RECORDS SHOWN:
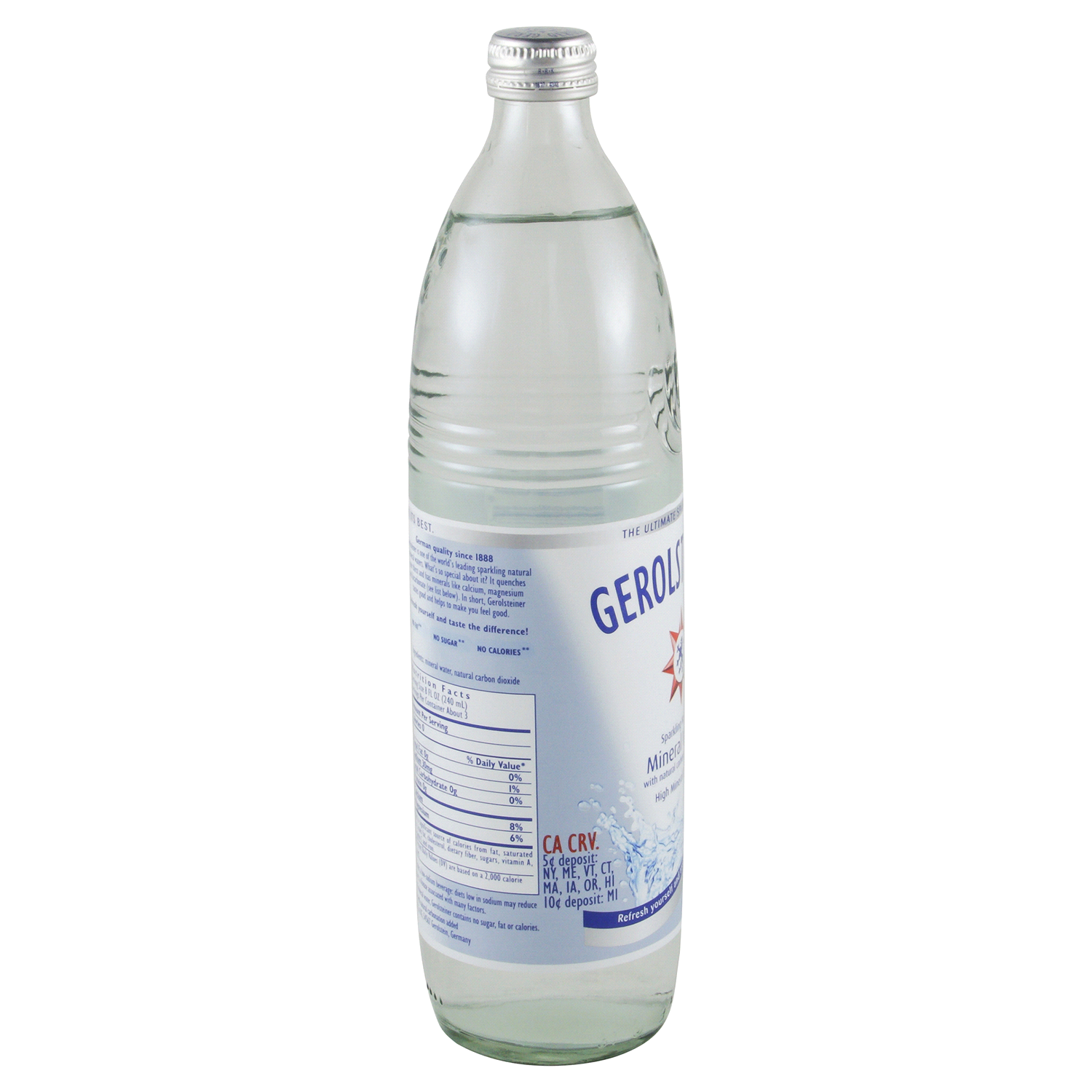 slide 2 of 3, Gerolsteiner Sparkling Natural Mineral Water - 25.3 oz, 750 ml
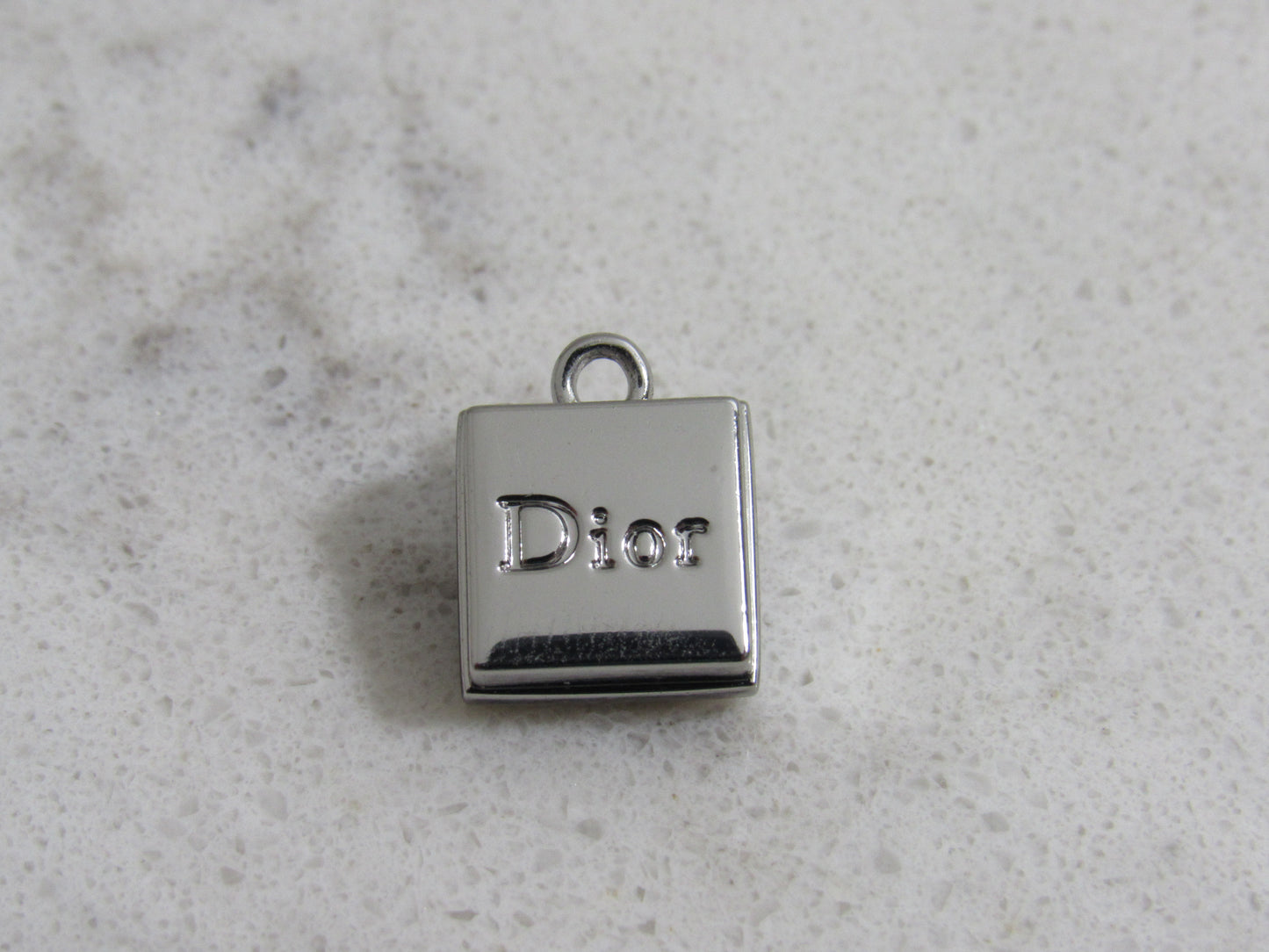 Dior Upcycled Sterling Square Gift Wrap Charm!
* * *
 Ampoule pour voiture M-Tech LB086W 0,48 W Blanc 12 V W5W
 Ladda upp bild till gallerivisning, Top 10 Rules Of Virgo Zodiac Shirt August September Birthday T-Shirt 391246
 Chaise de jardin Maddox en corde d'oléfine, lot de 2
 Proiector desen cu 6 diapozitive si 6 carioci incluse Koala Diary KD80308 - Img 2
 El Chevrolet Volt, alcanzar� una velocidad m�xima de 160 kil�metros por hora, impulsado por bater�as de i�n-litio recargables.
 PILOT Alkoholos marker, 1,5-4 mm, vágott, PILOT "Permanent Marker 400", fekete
==
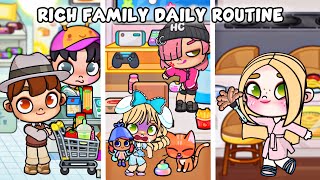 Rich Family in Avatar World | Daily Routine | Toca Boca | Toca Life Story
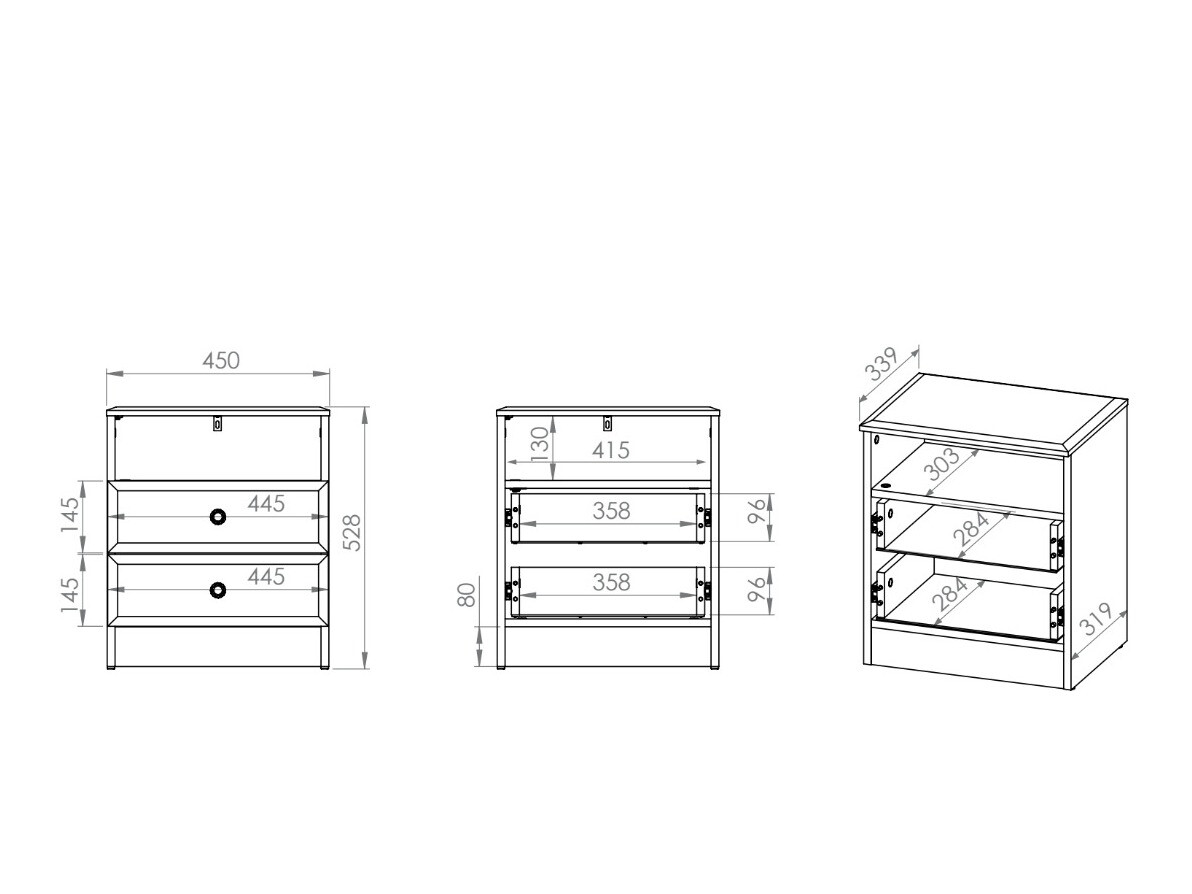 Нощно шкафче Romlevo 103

EXERCISE REQUIREMENTS: Repeat the lines above exactly, beginning with the one containing "slide 2 of 3, Gerolsteiner" and finishing with the one containing "Dior Upcycled Sterling". No pictures belong in the copy.

OUTPUT FOR THIS TASK:
 slide 2 of 3, Gerolsteiner Sparkling Natural Mineral Water - 25.3 oz, 750 ml
 Dior Upcycled Sterling Square Gift Wrap Charm!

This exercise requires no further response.